Show HN: Voxel Building MMO in the Browser - masterspy7
https://citycraft.io/
======
masterspy7
Hey everyone! After my last project, 3D for Reddit, I really wanted to build a
more interactive web-based experience. I thought it'd be cool to have a 3D
version of Reddit's r/place. This world is split into 29x29 city blocks and
you can build anywhere above the green areas. I'm not really sure how well
this will scale - crossing my fingers that it won't crash!

How to use it

Desktop: Click to start, WASD/Arrow keys and mouse to move

Mobile: Joystick to move, drag screen to look

Tech stack

-Heavily inspired by r/place [https://redditblog.com/2017/04/13/how-we-built-rplace/](https://redditblog.com/2017/04/13/how-we-built-rplace/)

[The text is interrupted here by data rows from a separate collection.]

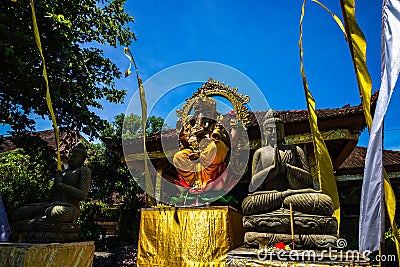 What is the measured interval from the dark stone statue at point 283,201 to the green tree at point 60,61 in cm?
487

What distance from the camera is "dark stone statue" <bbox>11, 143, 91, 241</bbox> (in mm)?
4047

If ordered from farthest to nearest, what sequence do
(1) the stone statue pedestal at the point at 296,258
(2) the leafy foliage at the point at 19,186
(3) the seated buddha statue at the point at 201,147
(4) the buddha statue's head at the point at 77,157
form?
(2) the leafy foliage at the point at 19,186
(3) the seated buddha statue at the point at 201,147
(4) the buddha statue's head at the point at 77,157
(1) the stone statue pedestal at the point at 296,258

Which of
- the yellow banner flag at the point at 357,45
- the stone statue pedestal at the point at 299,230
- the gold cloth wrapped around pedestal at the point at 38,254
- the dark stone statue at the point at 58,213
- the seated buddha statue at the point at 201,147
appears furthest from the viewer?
the seated buddha statue at the point at 201,147

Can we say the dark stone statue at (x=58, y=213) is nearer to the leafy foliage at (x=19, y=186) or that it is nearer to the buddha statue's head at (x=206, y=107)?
the buddha statue's head at (x=206, y=107)

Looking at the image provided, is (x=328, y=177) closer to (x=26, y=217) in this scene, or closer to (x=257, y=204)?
(x=257, y=204)

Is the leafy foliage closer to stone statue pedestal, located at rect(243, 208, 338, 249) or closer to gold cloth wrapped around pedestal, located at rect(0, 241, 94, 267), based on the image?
gold cloth wrapped around pedestal, located at rect(0, 241, 94, 267)

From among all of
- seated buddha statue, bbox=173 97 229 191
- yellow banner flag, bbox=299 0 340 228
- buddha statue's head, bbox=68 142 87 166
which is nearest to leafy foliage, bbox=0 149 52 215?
buddha statue's head, bbox=68 142 87 166

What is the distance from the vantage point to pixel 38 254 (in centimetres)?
365

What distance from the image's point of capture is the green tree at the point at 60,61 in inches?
246

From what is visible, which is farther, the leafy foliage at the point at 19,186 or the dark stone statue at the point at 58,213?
the leafy foliage at the point at 19,186

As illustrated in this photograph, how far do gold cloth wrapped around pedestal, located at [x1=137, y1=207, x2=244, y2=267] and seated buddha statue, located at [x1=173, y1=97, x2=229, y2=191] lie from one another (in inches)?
36.4

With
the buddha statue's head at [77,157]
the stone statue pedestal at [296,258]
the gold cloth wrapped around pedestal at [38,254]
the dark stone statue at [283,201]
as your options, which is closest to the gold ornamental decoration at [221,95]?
the dark stone statue at [283,201]

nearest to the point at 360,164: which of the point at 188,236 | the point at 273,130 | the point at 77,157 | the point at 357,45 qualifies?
the point at 273,130

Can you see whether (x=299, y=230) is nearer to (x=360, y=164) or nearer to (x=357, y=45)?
(x=357, y=45)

-noa-engine for the voxel rendering (thanks to andyhall@ on github for your help!)

-Google Cloud Functions for setting/getting blocks

-Redis for voxel storage

-App Engine + nengi.js for multiplayer avatars

-For performance reasons, you can only see realtime updates for areas around you. You can refresh the whole page if you want a full update.

Discord for more discussion:
[https://discord.gg/86wYcHN](https://discord.gg/86wYcHN)

My other projects: [https://neelmango.com/](https://neelmango.com/)

P.S. Just append ?invertY=true if you really need that :D